Real-World Investigations of Science Most psychological research on scientific thinking has been based on implicit assumptions and preconceptions about what is important in scientific thinking. Other than historical records and scientists' recollections, little is known about what scientists really do in their research. Thus we do not know how relevant the cognitive processes investigated by cognitive scientists are to real world science. Using techniques from verbal protocol analysis, Dunbar (1995, 1997) analyzed the "on-line" thinking of molecular biologists and immunologists at work in their laboratories. These data include important scientific discoveries that occurred "on-line." He found that more than 50 percent of the findings that the scientists obtained were unexpected and that much of the scientists' reasoning is concerned with interpreting these findings.

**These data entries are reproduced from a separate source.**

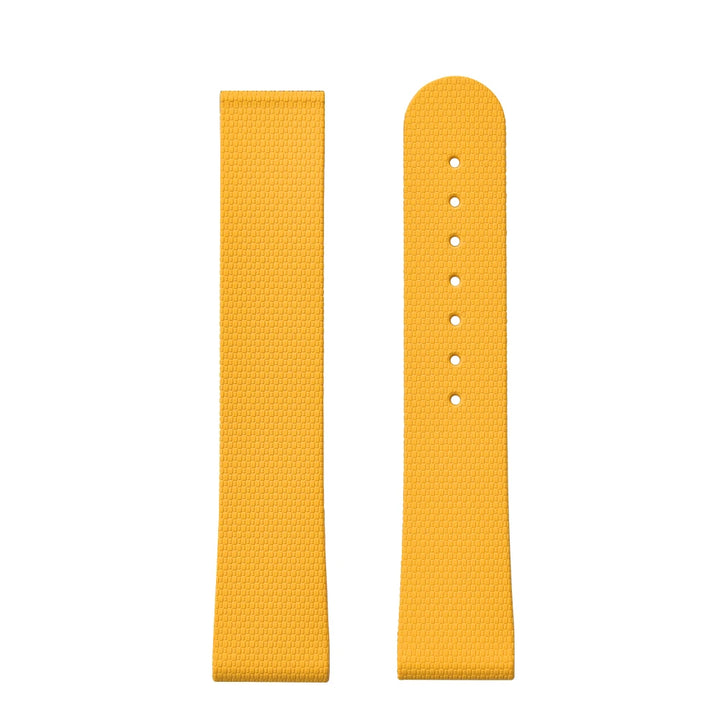 JUELONG Premium Grade Soft FKM Rubber Watch Strap Perfect Fit Flat End Universal Quick Release Straps 20mm Watchbands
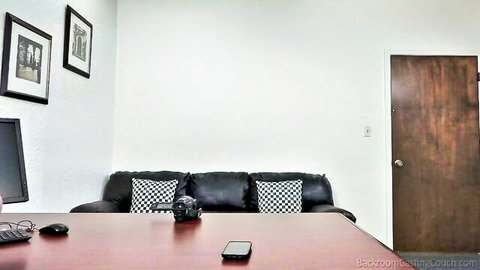 Stella Luxx Backroom Casting Couch audition setup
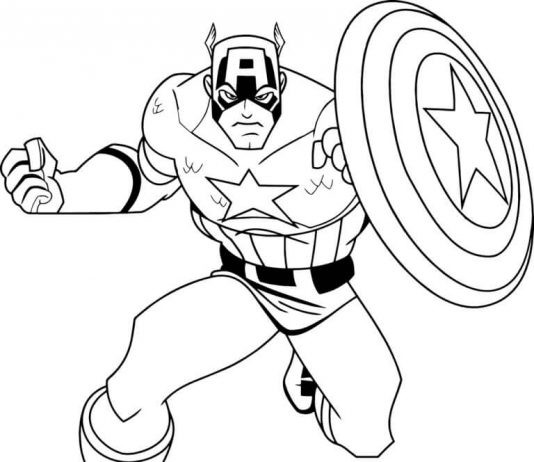 Kids Superhero Coloring Pages
 Coloring Coloring pages for kids on Coloring Forkids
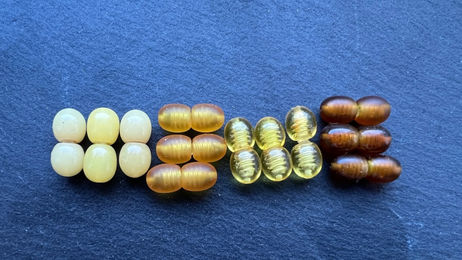 Amberdog Kunststoff Schraubverschluss Ananas – Bild 1 von 1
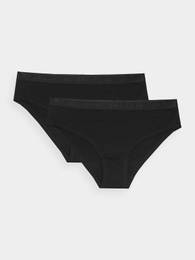 Women's Underwear Panties (2 Pack) - Black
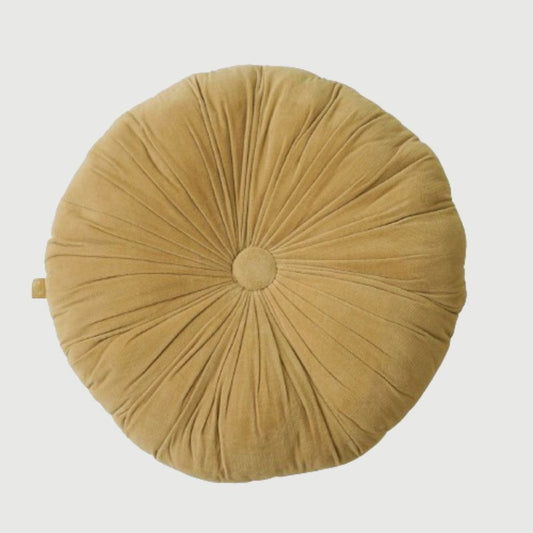 Cuddle Sand Velvet Round Cushion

As a consequence, scientists have developed specific strategies for dealing with unexpected findings that are very different from the strategies seen in the hypothesis testing literature. Dunbar has also found that scientists use analogies from related rather than unrelated domains in proposing new hypotheses. Furthermore the scientists distribute reasoning among members of a laboratory. For example, one scientist may add one fact to an induction, another scientist adds another fact, and yet a third scientist might make a generalization over the two facts. This type of research on real world science is now making it possible to see what aspects of scientific thinking are important. By fusing together findings from real world science with the results of the more standard experimental methods, it should be possible to build detailed models of scientific thinking that, when implemented, can be used by scientists to help make discoveries.